Insofern ist das eine etwas unterrepräsentierte Seite unter den 19 Tracks, wobei relativierend einzuwenden ist, dass das beim dazugehörigen Film nicht wahnsinnig überrascht. Vielleicht ist da aber dann auch der Kardinalsfehler eines gelungenen und vor allem sehr konstanten Soundtracks zu suchen, nämlich dass er nach der brillanten Eröffnung nicht wirklich oder zumindest zu selten zu seinen Höhepunkten findet. Dafür ist die Arbeit des US-Amerikaners etwas zu zurückhaltend und auf Spannungsaufbau bedacht. Nur muss man eingestehen, dass dieser Spannungsaufbau nur sporadisch gelingt und zum anderen entlädt sich die Spannung dann eben nie.
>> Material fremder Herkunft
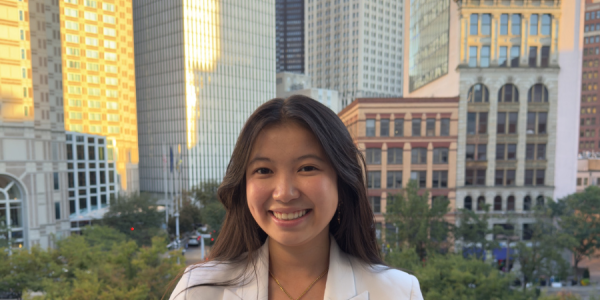 Kim stands smiling at camera on a rooftop. She is wearing a white blazer.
Auf einer gewissen Ebene ist das einer der sympathischen Züge des Scores, dass er sich vom aufgeblasenen, theatralischen Klimax fernhält. Andererseits fehlt der Musik zu "American Beauty" aus offensichtlichen und verständlichen Gründen jeder Zugang zu etwas Meditativem oder Kontemplativem, das ruhige Monotonie in der Hinsicht rechtfertigen würde. Und so bleibt einem dann etwas, was ohne jeden Zweifel starke Arbeit ist, aber dann doch eine Enttäuschung bereithält. Doch positiv denkender Mensch, der ich nun einmal bin, sei hier zum Abschluss das zu drei Viertel volle Glas im Fokus, das dieser Soundtrack nun einmal ist. Insofern: Chapeau Thomas Newman, so einiges richtig gemacht.